A civil complaint filed Monday accused a University-area business owner of sexual assault.
According to the complaint, Jason McLean, owner of Dinkytown’s Loring Pasta Bar and Varsity Theater , along with Children’s Theatre Company co-founder John Clark Donahue, sexually abused minors involved with the theater program.
A complaint filed Monday with the Hennepin County District Court detailed at least three instances of alleged sexual abuse on the part of McLean, then a company actor with CTC. The court document also mentions 17 alleged victims of Donahue’s between 1960 and the 1980s.
Two former CTC child actors, Laura Adams and an anonymous plaintiff, are suing for personal injury against McLean and Donahue, as well as the theater company.
Donahue was convicted of three counts of criminal sexual conduct in 1984 and served 10 months in jail, according to the complaint.
“I think the biggest question that people would ask … is ‘Why are you coming forward right now?’ ” Adams said at a press conference on Tuesday. “[I]t’s time to tell our stories. … We have held this secret far too long.”
In addition to three alleged accounts of sexual abuse from 1981 to 1986 — including one against Adams when she was 15 in 1983 — McLean may have abused more victim-survivors who have not come forward, the complaint said.
“Defendant McLean inflicted unpermitted, harmful, and offensive sexual contact upon the person of Plaintiff Laura Adams,” the complaint said.
Law firm Jeff Anderson and Associates, which is representing Adams in the case, held an afternoon press conference to announce the lawsuit Tuesday.
There, Anderson discussed the CTC culture Donahue created in the 1970s and ’80s that led to sexually abused children.
“This case is against the culture and theater that was.

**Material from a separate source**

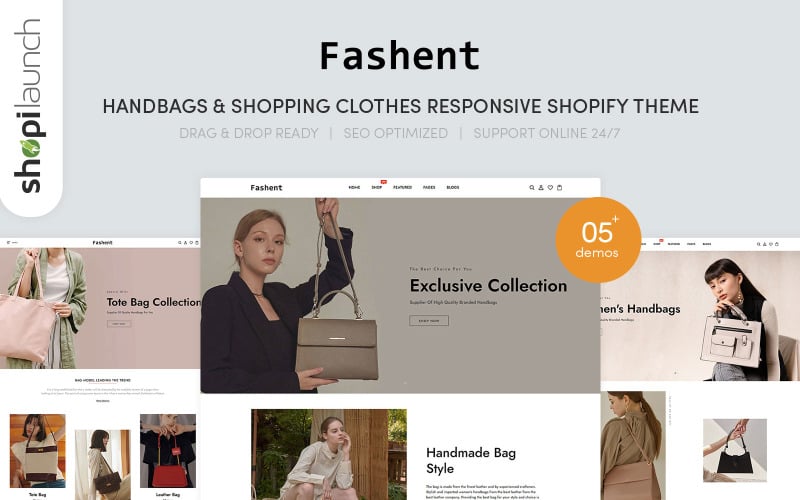 Fashent - Handtaschen & Einkaufskleidung Responsive Shopify Theme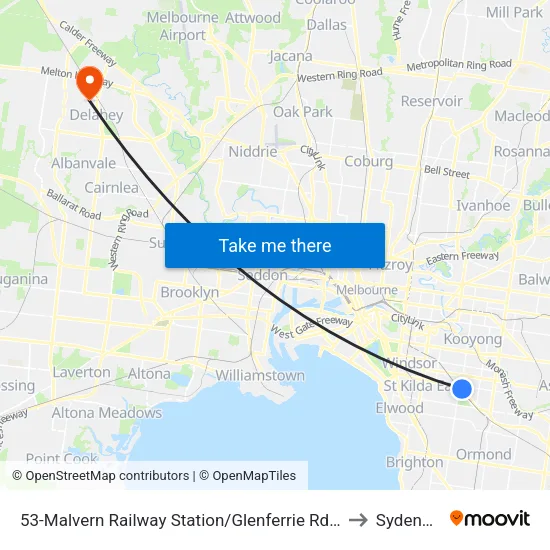 Malvern Railway Station/Glenferrie Rd #53 to Sydenham map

It’s not about the culture that is,” Anderson said at Tuesday’s conference.
The CTC released its own statement Tuesday regarding the lawsuit in response to Anderson’s claims.
“Any abuse of a child is a terrible act. It goes against everything we believe in as professionals and as human beings,” the CTC release said. “Based on what we know today, we do not believe that the Theatre was negligent in its conduct.”